Tobacco firms may still face federal lawsuit
WASHINGTON — A federal judge ruled Wednesday that the legal settlement reached between the tobacco industry and states six years ago does not shield cigarette makers from the federal government’s $280 billion suit.
The ruling was a victory for prosecutors, who asked U.S. District Judge Gladys Kessler to prevent the cigarette makers from arguing that the settlement with the states made the federal racketeering case moot.
The industry reached a $206 billion settlement with 46 states in 1998 to cover the cost of treating sick smokers. Four other states settled previously for $40 billion.
The agreements led to advertising and marketing restrictions on the industry, such as banning cigarette ads on billboards.
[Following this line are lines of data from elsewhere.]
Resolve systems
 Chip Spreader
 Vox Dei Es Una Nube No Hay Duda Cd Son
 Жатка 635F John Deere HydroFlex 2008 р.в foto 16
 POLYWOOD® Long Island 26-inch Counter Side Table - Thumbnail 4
Kessler said in her ruling she would consider those restrictions if she has to set remedies for alleged wrongdoing in the federal case.
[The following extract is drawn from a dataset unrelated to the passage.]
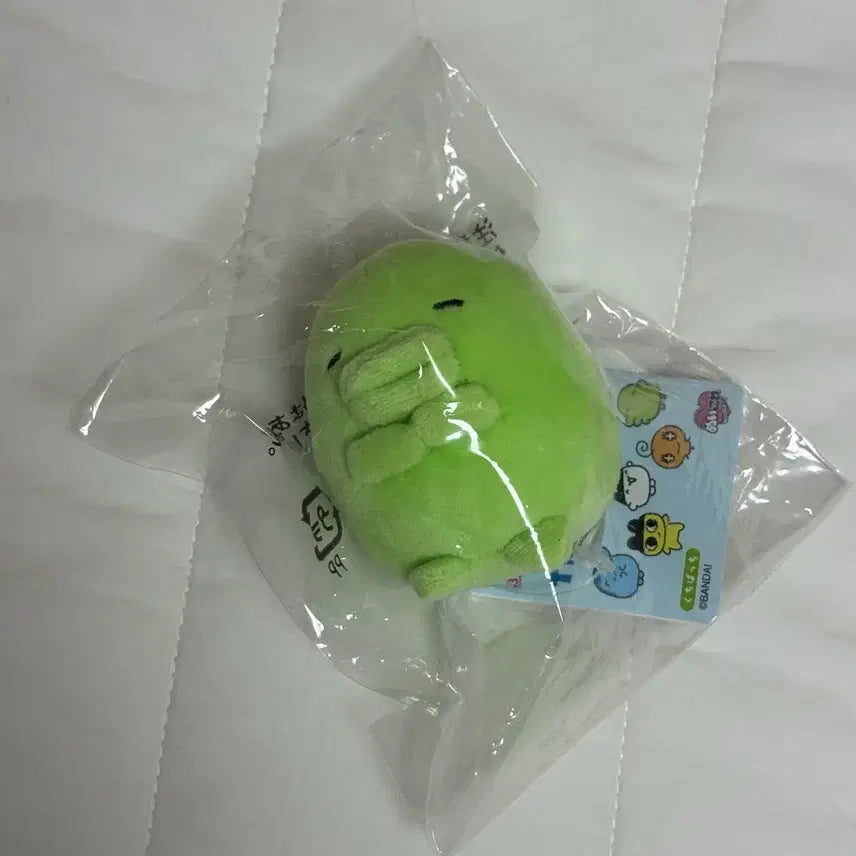[BUNJANG] Tamagotchi Tamadachi Purinui Plush Doll / 다마고치 주댕치 구치파치 푸리누이 인형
The Justice Department alleges tobacco companies deceived the public about the dangers of tobacco and the addictive nature of nicotine.
The government also claims the companies targeted children through advertising and lied about it.
The trial is set to begin in September, although the industry is seeking an interim appeal to block the government from going after $280 billion that tobacco companies allegedly earned fraudulently.
In a motion filed Tuesday, the industry asked the U.S. Court of Appeals for the District of Columbia to overturn a ruling by Kessler allowing the government to go after the industry’s financial gains.
In addition to seeking the money, the government wants the judge to impose new restrictions on the industry, including banning vending machines and limiting in-store promotions.
The defendants in the federal suit are Philip Morris USA Inc. and its parent, Altria Group Inc.; R.J. Reynolds Tobacco Co.; Brown & Williamson Tobacco Corp.; British American Tobacco Ltd.; Lorillard Tobacco Co.; Liggett Group Inc.; Counsel for Tobacco Research-U.S.A.; and The Tobacco Institute.